_PROVIDED RECORDS_
☆ ☆ ☆ ☆

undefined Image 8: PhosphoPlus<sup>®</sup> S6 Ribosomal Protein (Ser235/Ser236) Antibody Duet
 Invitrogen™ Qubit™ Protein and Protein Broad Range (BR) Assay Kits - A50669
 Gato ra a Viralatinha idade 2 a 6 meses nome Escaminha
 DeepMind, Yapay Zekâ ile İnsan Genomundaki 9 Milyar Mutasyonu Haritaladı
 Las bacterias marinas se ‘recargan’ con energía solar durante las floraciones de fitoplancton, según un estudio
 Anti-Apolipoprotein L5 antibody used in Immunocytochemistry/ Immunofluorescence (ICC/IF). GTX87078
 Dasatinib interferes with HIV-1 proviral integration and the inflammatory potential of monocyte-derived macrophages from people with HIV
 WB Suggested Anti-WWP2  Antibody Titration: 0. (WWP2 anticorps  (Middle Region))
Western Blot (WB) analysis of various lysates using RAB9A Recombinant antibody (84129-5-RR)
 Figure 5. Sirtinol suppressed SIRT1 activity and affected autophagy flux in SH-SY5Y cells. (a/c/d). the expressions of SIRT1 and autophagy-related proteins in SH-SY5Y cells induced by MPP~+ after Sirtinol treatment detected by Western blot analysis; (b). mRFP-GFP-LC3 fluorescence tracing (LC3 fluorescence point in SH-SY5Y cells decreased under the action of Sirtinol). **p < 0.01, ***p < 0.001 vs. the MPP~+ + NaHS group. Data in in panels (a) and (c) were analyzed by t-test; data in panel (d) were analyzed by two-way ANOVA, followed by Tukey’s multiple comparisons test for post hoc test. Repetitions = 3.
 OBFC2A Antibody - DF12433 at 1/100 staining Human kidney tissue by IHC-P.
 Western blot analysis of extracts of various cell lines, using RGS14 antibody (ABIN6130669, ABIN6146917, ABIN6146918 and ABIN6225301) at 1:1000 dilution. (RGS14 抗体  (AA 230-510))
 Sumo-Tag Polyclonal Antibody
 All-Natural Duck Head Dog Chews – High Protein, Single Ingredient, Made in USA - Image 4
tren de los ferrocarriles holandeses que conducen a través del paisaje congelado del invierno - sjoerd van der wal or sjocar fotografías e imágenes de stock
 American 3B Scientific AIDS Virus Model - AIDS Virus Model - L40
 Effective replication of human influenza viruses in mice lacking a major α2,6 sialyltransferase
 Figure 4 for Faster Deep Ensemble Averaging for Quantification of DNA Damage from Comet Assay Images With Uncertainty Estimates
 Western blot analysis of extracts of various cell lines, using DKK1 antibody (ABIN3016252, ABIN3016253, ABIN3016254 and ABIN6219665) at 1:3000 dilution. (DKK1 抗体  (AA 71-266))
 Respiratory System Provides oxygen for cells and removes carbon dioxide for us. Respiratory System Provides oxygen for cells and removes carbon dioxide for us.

☆ ☆ ☆ ☆

_DIRECTIONS FOR THIS TASK_
Look through the entries above and find each line where the word "Assay" occurs; copy those lines.

_RESPONSE TO THE TASK_
 Invitrogen™ Qubit™ Protein and Protein Broad Range (BR) Assay Kits - A50669
 Figure 4 for Faster Deep Ensemble Averaging for Quantification of DNA Damage from Comet Assay Images With Uncertainty Estimates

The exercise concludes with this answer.